O caminho para receber um precatório no Brasil é complicado e demanda bastante tempo. Tanto tempo que muitas vezes pode ser até mais longo e desgastante que a própria ação judicial que fez nascer o direito ao crédito.

O Brasil segue com uma fila extensa de precatórios a serem cumpridos, estima-se cerca de 5 a 10 anos para que o pagamento de precatórios seja realizado, tornando a tutela satisfativa demorada.

Ainda que haja um prazo de pagamento pré-determinado no texto constitucional, na prática diversos governos não vêm cumprindo com as suas obrigações financeiras de pagamento. O resultado desse atraso é o surgimento de enormes filas. A título de exemplo, alguns Estados ainda estão pagando os precatórios expedidos no começo da década passada (DUARTE, 2019).

Na medida em que essas dívidas judiciais crescem, na mesma proporção cresce as dificuldades dos Governos para quitá-las. Essa situação faz com que o pagamento de precatórios no Brasil se torne um problema de ordem pública.

Diante desse cenário, com a decisão proferida pelo STF traria um acúmulo de precatórios ao Estado, por conta dos erros cometidos pelos notários. Com o aumento de precatório, também traria mais despesas aos orçamentos federais.

Nesse sentido, um ponto negativo dessa nova decisão é justamente no que se refere ao pagamento da indenização à terceiro em caso de erro de notários. Com a responsabilidade do Estado agora é objetiva, cabe a ele o pagamento inicial. Portanto, gerará um aumento nas despesas públicas.

A crítica que esse estudo faz é justamente em relação a esse momento. Uma vez que o erro ocorrido em um cartório é praticado por um notário, por exemplo, a responsabilidade pelo dano causado é primeiramente o Estado. Desse modo, o Estado estaria ‘pagando’ pelo erro de um terceiro. Isso traria ainda mais despesas aos cofres públicos. Além disso, o prejudicado demoraria anos para poder ser ressarcido, mostrando que essa decisão, nesse ponto específico, não tem o efeito desejado. 

Diante disso, esse estudo caminha juntamente com o entendimento firmado pela Corte maior no sentido de que a responsabilidade por danos causados por notários e registrados é objetivamente do Estado. Cabe salientar que não se defende a ideia de que o notário, por exemplo, fuja de sua responsabilidade ao dano, mas que de forma sumária o Estado assuma essa responsabilidade, devendo em ação de regresso penalizar o profissional causador direto do dano.


CONSIDERAÇÕES FINAIS

As serventias extrajudiciais são uma alternativa para a efetivação do direito de acesso à justiça.

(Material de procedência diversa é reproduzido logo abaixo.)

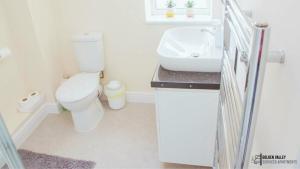 a bathroom with a toilet and a sink at White Jasmine in Stroud in Gloucestershire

Inúmeras ações e procedimentos migraram da seara judicial para os ofícios notariais e registrais, especialmente quando não houver litígio, como é o caso de separações, divórcios, inventários, alterações de nome, celebração de acordos, mediação, conciliação e uma infinidade de outros atos relevantes. Desse modo é evidente que há uma importância social nessas funções.

A discussão que recaiu esse estudo se deu em relação à responsabilidade civil dos agentes notários e registrados nos danos que causar à terceiros. Com base na Lei nº 13.286/2016 essa responsabilidade recairia objetivamente a esses profissionais.

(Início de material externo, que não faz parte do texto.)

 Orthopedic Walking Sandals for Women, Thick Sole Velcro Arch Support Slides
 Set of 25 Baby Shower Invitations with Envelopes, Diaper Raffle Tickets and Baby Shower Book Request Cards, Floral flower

Contudo, como mostrado nesse estudo, a Corte Suprema reafirmou sua jurisprudência quanto ao tema, ao aplicar a teoria da responsabilidade civil objetiva  em relação ao Estado e considerar que os notários e registradores somente responderão se tiverem agido com dolo ou culpa, em ação de regresso.

Essa decisão se mostrou acertada e bastante significativa, pois sana quaisquer dúvidas sobre essa matéria. Assim, fixada a tese, notários e registradores deverão responder por eventuais danos que vierem a causar, no exercício de suas atividades, em ação regressiva, considerada compulsória, sob pena de improbidade administrativa do representante judicial do Estado que não a propuser.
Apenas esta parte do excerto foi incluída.